## Supplied information
══════════

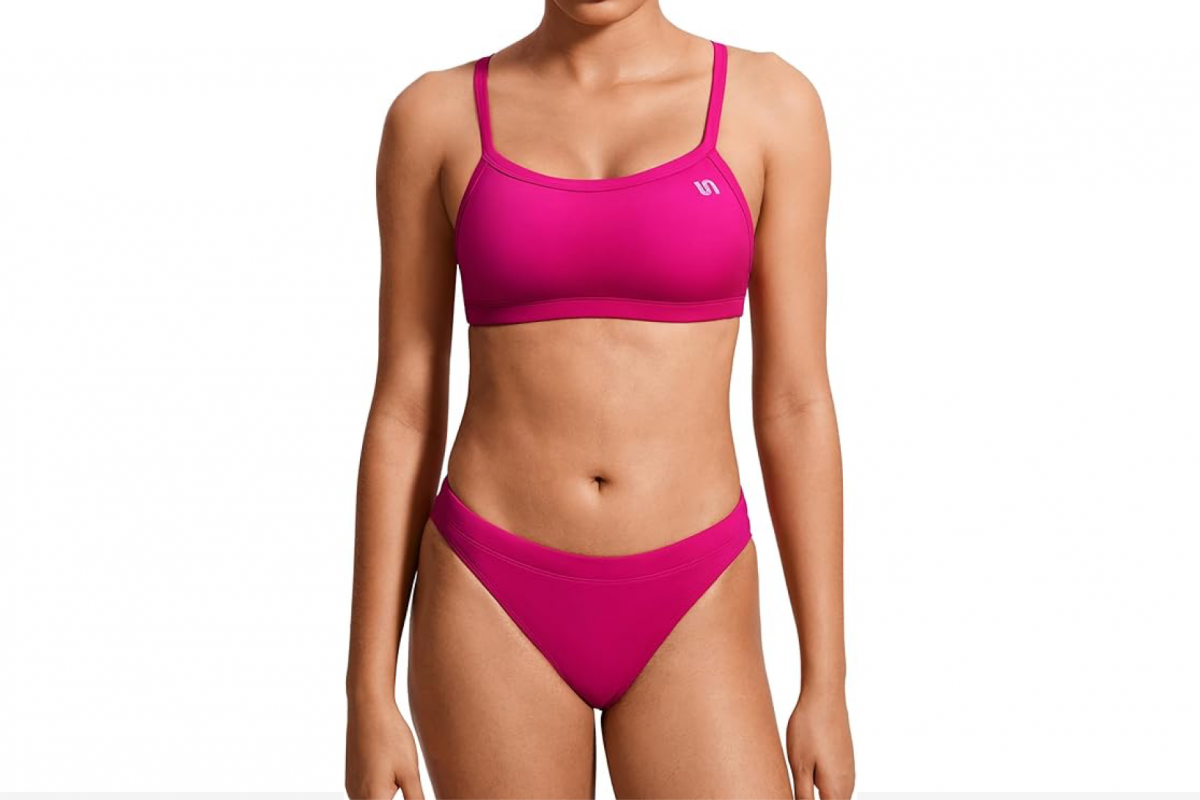 This image features a woman's torso wearing a pink two piece swimsuit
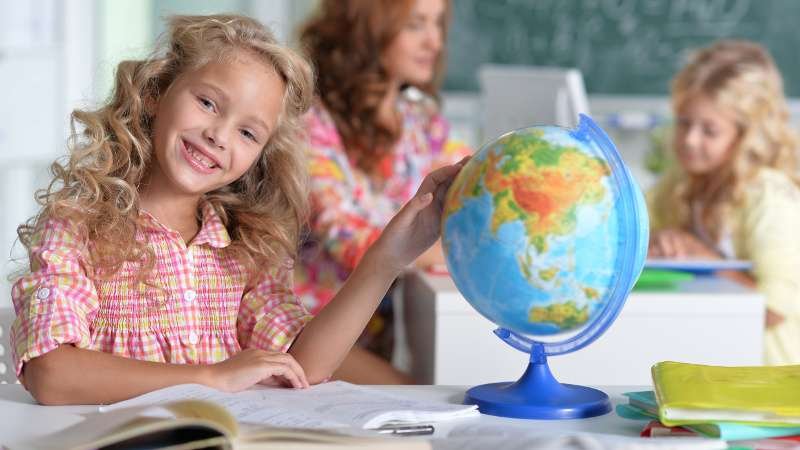 Portrait of teacher with two girls at lesson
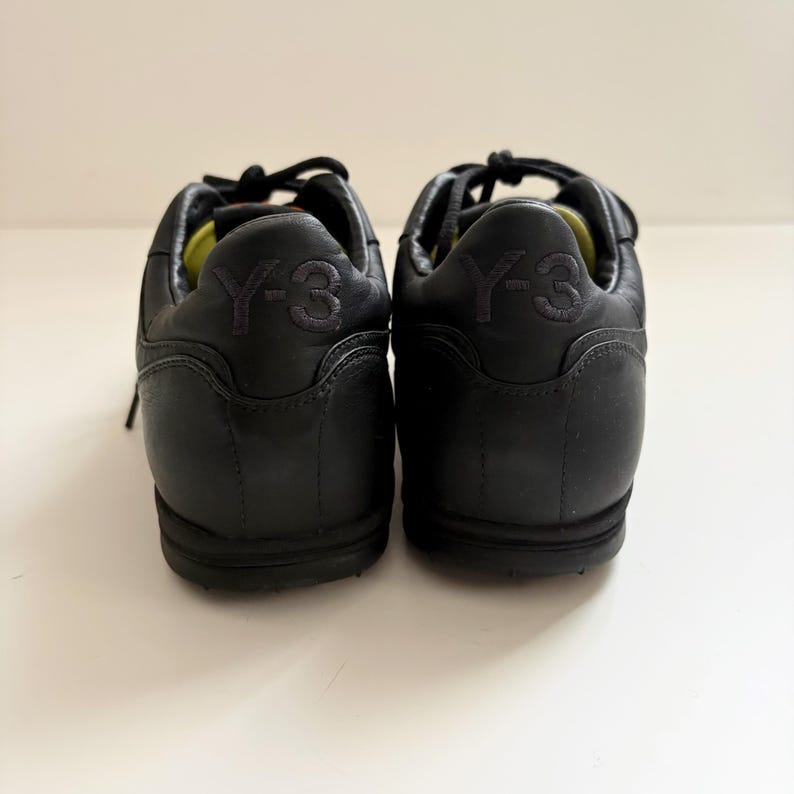 May include: A pair of black leather sneakers featuring a low-top silhouette with black laces and a lime green interior lining. The heel counter of each shoe is embossed with the Y-3 logo in a matching black tone, showcasing a smooth finish.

══════════

## Exercise details
Copy everything in the listing above exactly except the pictures.

## Answer
 This image features a woman's torso wearing a pink two piece swimsuit
 Portrait of teacher with two girls at lesson
 May include: A pair of black leather sneakers featuring a low-top silhouette with black laces and a lime green interior lining. The heel counter of each shoe is embossed with the Y-3 logo in a matching black tone, showcasing a smooth finish.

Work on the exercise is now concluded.